Let's consider doing this for the simple program which will set up a pipeline like so: parent | child. Here is such a program:

   int main(int argc, char * argv[]){

  int status;
  int pfd[2];
  pid_t cpid;
  char c;

  //open a pipe, pfd[0] for reading, pfd[1] for writing
  if ( pipe(pfd) < 0){
    perror("pipe");
    return 1;
  }

  //Setup a pipe between child 1 and child 2, like:
  // parent | child

  cpid = fork();

  if( cpid == 0 ){
    /* CHILD 1*/

    //close stdin
    close(0);

    //duplicate reading end to stdin
    dup2(pfd[0], 0);

    //close the writing end
    close(pfd[1]);

    //try and read 1 byte from stding and write stdout
    while( read(0, &c, 1) > 0){ //stdin now pipe!
      write(1, &c,1); //this is still stdout
    }

    exit(0);
  } else if ( cpid > 0){
    /* PARENT */

    //close stdout
    close(1);

    //duplicate writing end to stdout
    dup2(pfd[1], 1);

    //close reading end 
    close(pfd[0]);


    //read and read 1 byte from stdin, write byte to pipe
    while( read(0,&c,1) > 0){
      write(1, &c, 1);
    }

    //close the pipe and stdout
    close(pfd[1]);
    close(1);

    //wait for child
    wait(&status);

  }else{
    /* ERROR */
    perror("fork");
    return 1;
  }

  return 0;
}

First, a pipe is created before the fork. In the parent, standard out and the read end of the pipe are closed, and then the write end of the pipe is duplicated onto standard out. Whenever the parent writes to standard out, it is actually writing to the pipe. In the child, it similarly closes the write end of the pipe and standard in, and then duplicates the read end of the pipe to standard input. Now, whenver the child reads from standard input it is actually reading from the pipe, which the parent will write to.

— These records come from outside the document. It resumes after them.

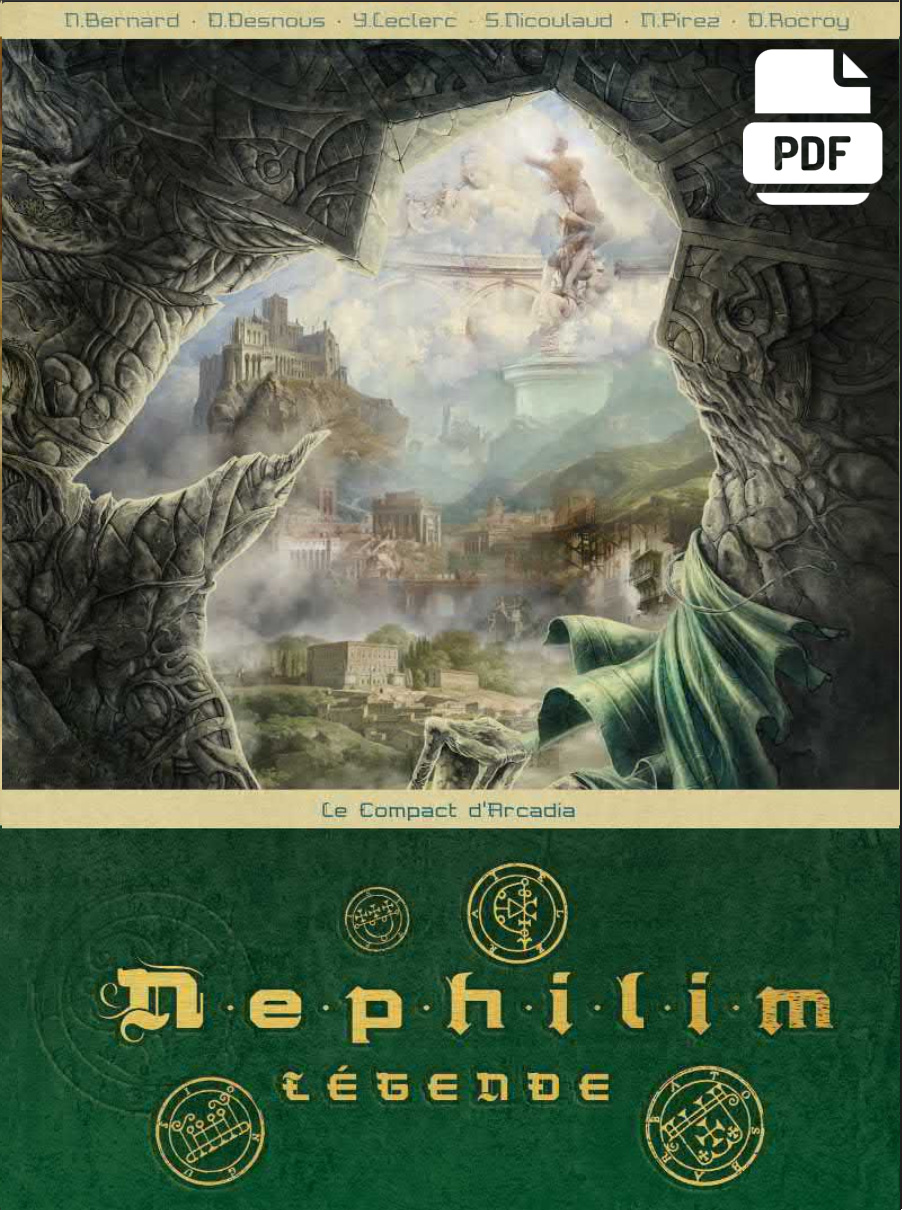 Livre 12 - Le Compact d'Arcadia - Nephilim Légende - Saison 2 - PDF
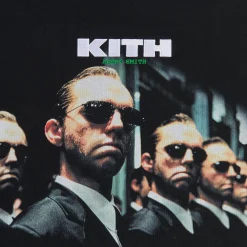 Kith for The Matrix Just Us Vintage Nelson Crewneck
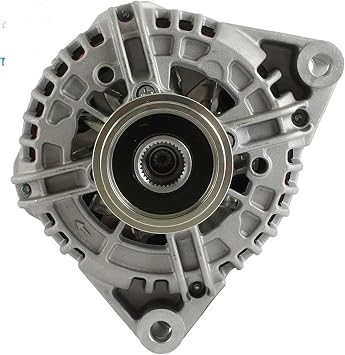 Engine Spare Parts ATG10203 Alternator Compatible with J-Deere Tractor 7130, 7220 7230, 7330 7420, 7430 AL111676, AL114093, AL166646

It's a pipeline! Not a very useful pipeline. The parent reads its data from standard input, sends it to the child through the pipe, which writes the data to standard output. It's a glorified cat program that requires two process, but a pipeline none the less. We can see that it is doing that by running it in the command line:

#> ./pipe_dup
hello
hello
^Z
[1]+  Stopped                 ./pipe_dup
#> ps -o pid,pgid,comm
  PID  PGID COMM
  418   418 bash
 4772  4772 emacs
 5188  5188 ./pipe_dup
 5189  5188 ./pipe_dup

The "hello" typed into the terminal was read by the parent, piped to the child, and then printed back to the terminal. If we stop the program and run ps, we can see that there are two processes running. It works! Now, the next step is implementing more complicated pipelines, which is a task for another lesson.